=== MATERIAL PROVIDED ===
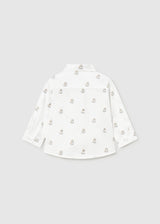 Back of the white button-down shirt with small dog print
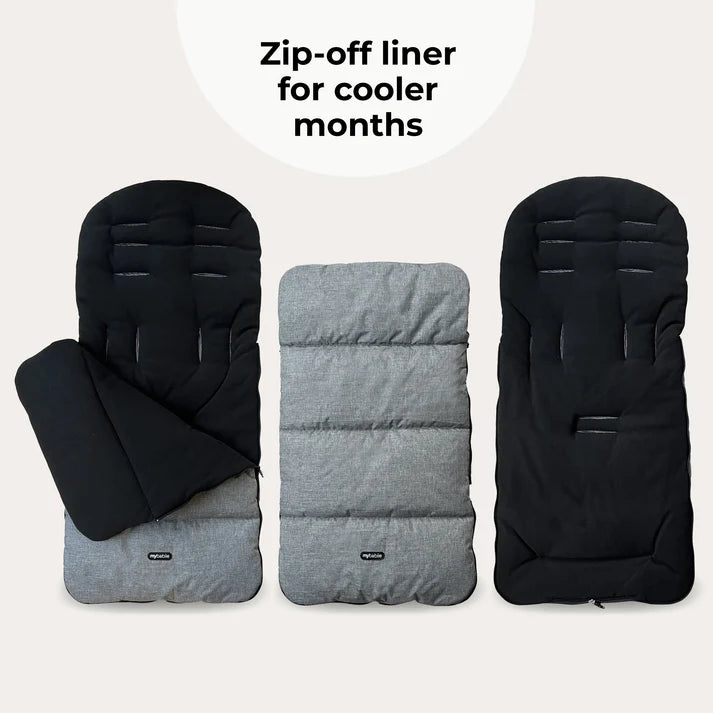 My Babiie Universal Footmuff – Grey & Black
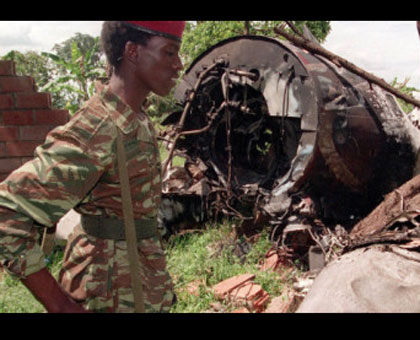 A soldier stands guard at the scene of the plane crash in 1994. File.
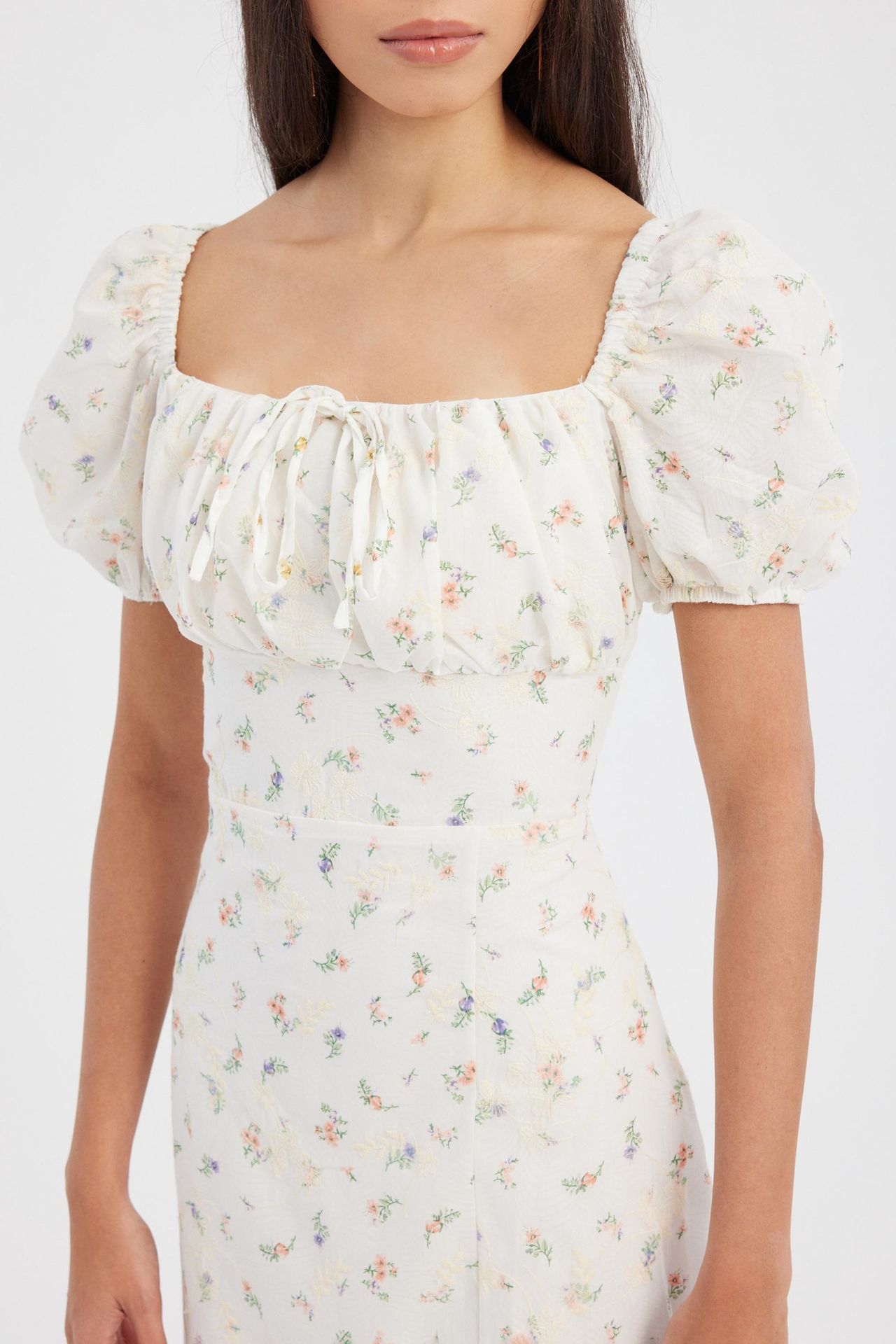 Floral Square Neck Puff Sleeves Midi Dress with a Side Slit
===
=== MATERIAL PROVIDED ===
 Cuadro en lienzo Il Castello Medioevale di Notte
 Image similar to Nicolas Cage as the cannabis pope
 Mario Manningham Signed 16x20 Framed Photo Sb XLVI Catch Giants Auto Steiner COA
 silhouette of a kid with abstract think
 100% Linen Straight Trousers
===
=== MATERIAL PROVIDED ===
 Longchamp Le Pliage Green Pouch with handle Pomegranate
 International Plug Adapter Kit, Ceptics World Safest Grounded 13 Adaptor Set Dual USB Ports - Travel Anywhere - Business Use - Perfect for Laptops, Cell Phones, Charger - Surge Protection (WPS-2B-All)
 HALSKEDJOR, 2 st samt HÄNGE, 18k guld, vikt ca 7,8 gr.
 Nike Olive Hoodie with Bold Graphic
===
[TO DO] When you reach the line holding "Image similar to" in the records above, begin reproducing exactly, stop after the line holding "100% Linen Straight Trousers", and output nothing else.

[OUTPUT FOR THIS EXERCISE]
 Image similar to Nicolas Cage as the cannabis pope
 Mario Manningham Signed 16x20 Framed Photo Sb XLVI Catch Giants Auto Steiner COA
 silhouette of a kid with abstract think
 100% Linen Straight Trousers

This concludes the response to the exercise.